Challenges lie ahead for Syrian National Coalition
Eventually, the United States recognized the exiled Syrian National Coalition — formed a few weeks ago in Qatar — as the successor to Bashar Assad’s regime. This coalition is seen as the umbrella organization for Syrian opposition groups. By doing so, the United States has committed itself to a regime change in Syria.
Without doubt, the new position taken by the United States and echoed by Britain, France, and influential players in the Middle East and the Gulf has catapulted the new umbrella group into prominence. And yet, the rebel demand for more and better armaments has not yet been given. In fact, the hesitancy on the part of Washington to provide the opposition with effective weapons has given Assad’s troops the chance to survive until today. To date, the American administration fear that weapons could end up in the hands of the most radical elements of the opposition.
American experts are divided over the United States approach toward the unfolding military and political situation in Syria. Max Boot, an American author, for instance, makes the case that the current policy is not working. Calling on Assad to step down without placing a price tag on his repressive policies is hardly a policy. This policy has neither stopped the war — which continues to rage on — nor convinced Assad to step down. Max Boot argues that “it is high time for the United States to get off the sidelines as allies such as Turkey and Israel, Britain and France, Saudi Arabia and Qatar have been urging it to do.” Grounding Assad’s potent weapon entails the reinforcement of no-fly zone. It is then when the opposition group can hold on to liberated territory to be the springboard for defeating Assad’s forces.
On the other hand, Brian Fishman from the New American Foundation voices his doubts over the wisdom of American military intervention in Syria. To him, a military intervention can hardly produce a stable post-Assad Syria. An American military intervention can tip the scale decisively against Assad’s forces but this will not lead to a stable new government in Damascus. Therefore, he recommends arming only cooperative rebel groups, putting more diplomatic pressure on the regime, and get ready for some military engagement to destroy or secure Assad’s stockpile of chemical weapons.
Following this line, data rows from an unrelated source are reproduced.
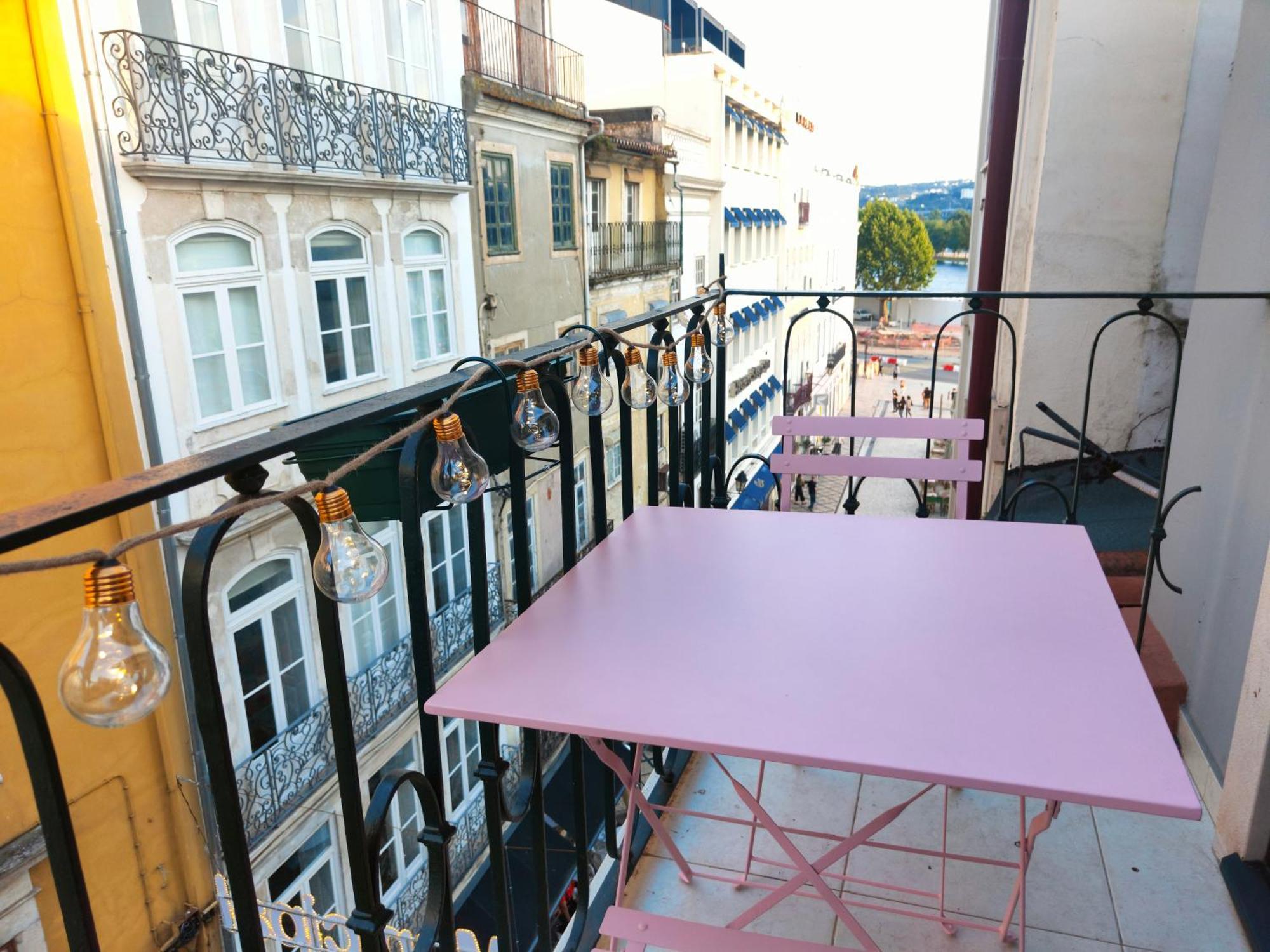 Rose Essence Aparment - Exceptional Balcony Apartment Coimbra Bagian luar foto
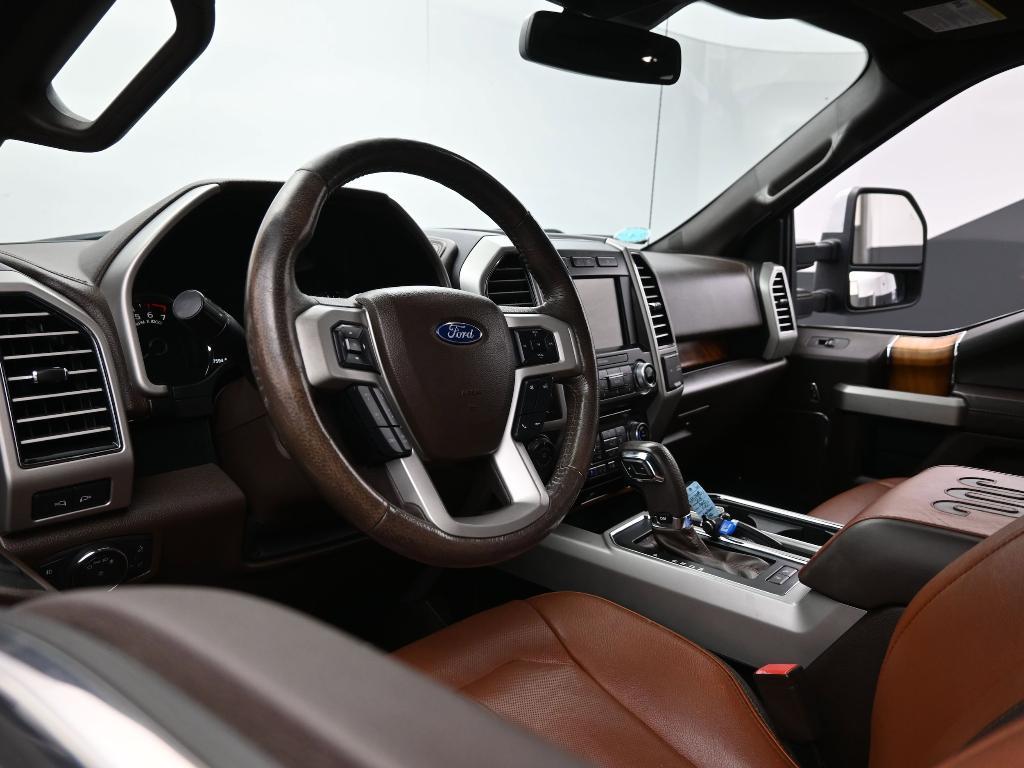 used 2018 Ford F-150 car, priced at $36,155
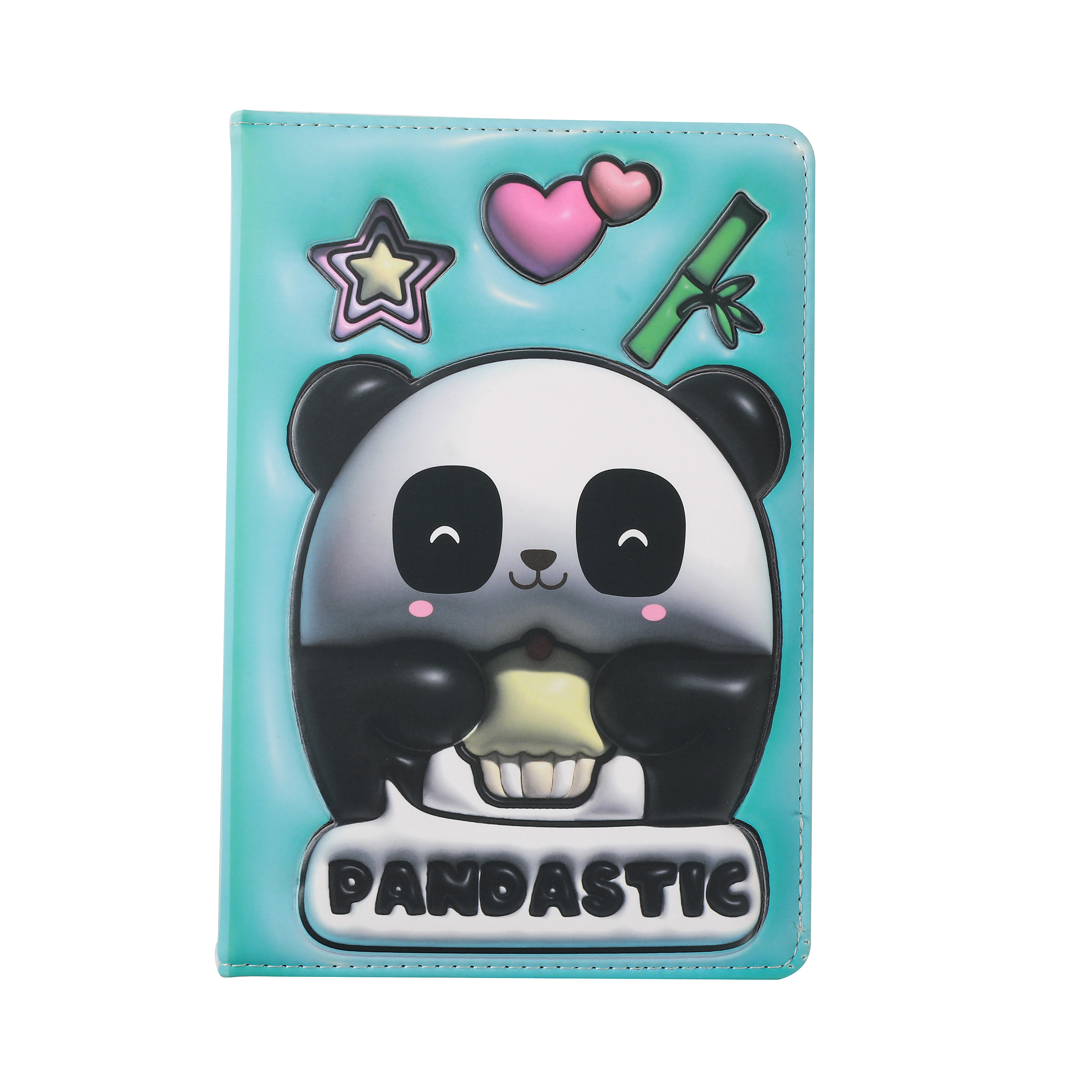 itotal - Pandastic 3D Notizbuch  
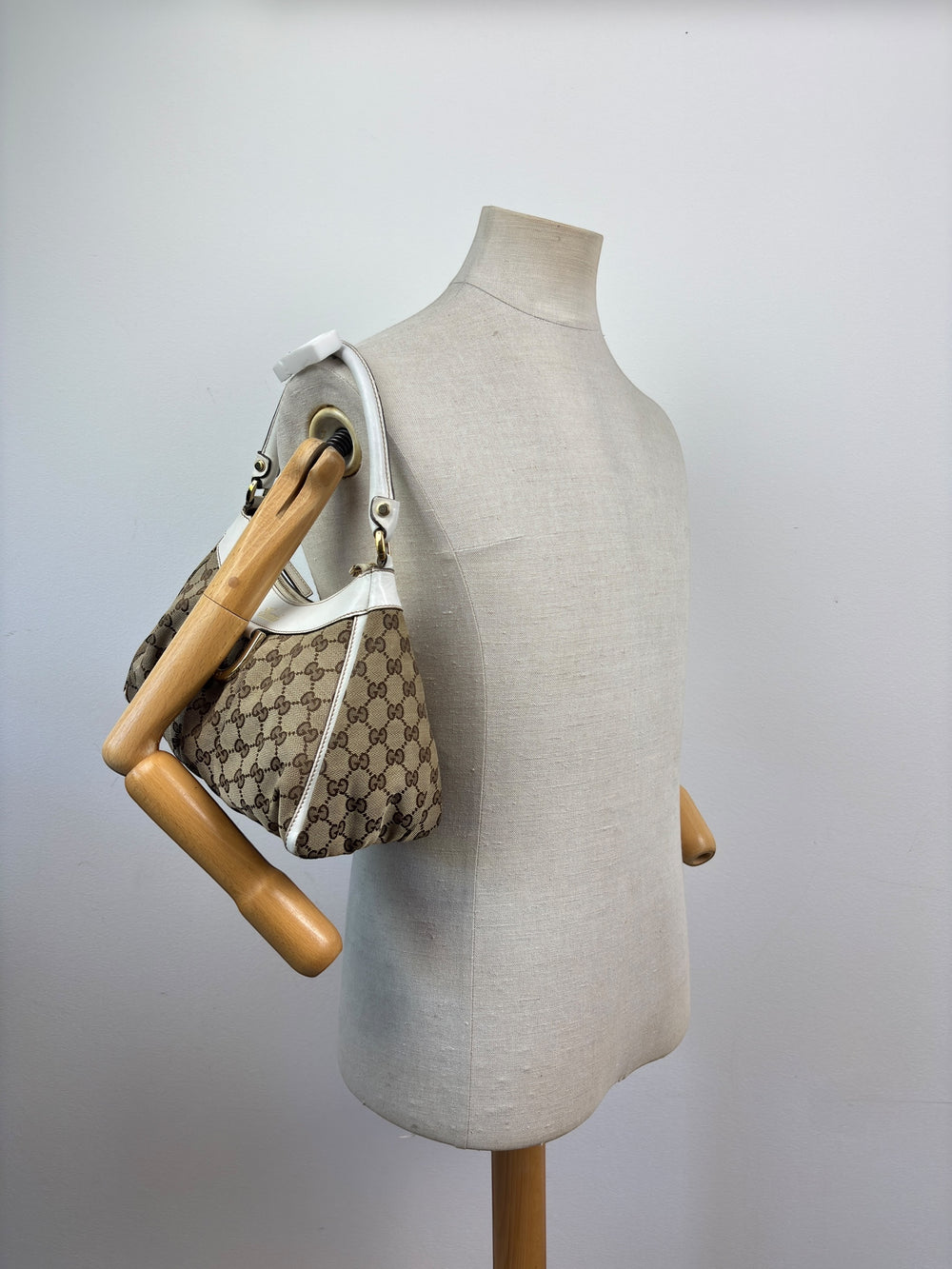 Gucci Vintage Abbey D-Ring Hobo Bag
That said, putting an end to the regime in Syria will trigger a new dynamic within Syria and within the region as well. This is where the key challenge lies. Rebuilding the state of Syria should be at the heart of any planning for getting rid of this regime. Those who think that the battle over Syria finishes with the demise of Assad seem not able to learn from other experiences in the region. It may take years after Assad to see a stable and functioning state. As some would say, it would be a tough battle to win peace and stability in Syria.
While it is true that the Syrian National Coalition has succeeded in getting the international blessing, it is not yet clear how these groups — who have been far away from the front line — are going to gain credibility at home. Unlike the Libyan National Transitional Council — which was formed before the collapse of Qaddafi’s regime — the coalition’s hodge-podge combination of technocrats has yet to succeed in announcing provisional government. The focus should be on how Syria is going to be run and governed once Assad departs the country. Therefore, the opposition leaders have to work fast lest the regime falls faster than expected thus leading to a kind of power vacuum that could create an environment conducive to civil war.
If anything, picking up the reins once Assad leaves will be the most important challenge. But the ability of the coalition leaders to gain the support of people within Syria depends on how they do their job in the weeks to come. It is not enough to gain the support and legitimacy of the region and the world. The most important thing is to take into account the position and perception of those who have been burned by the 21-month of continuous bloody crackdown.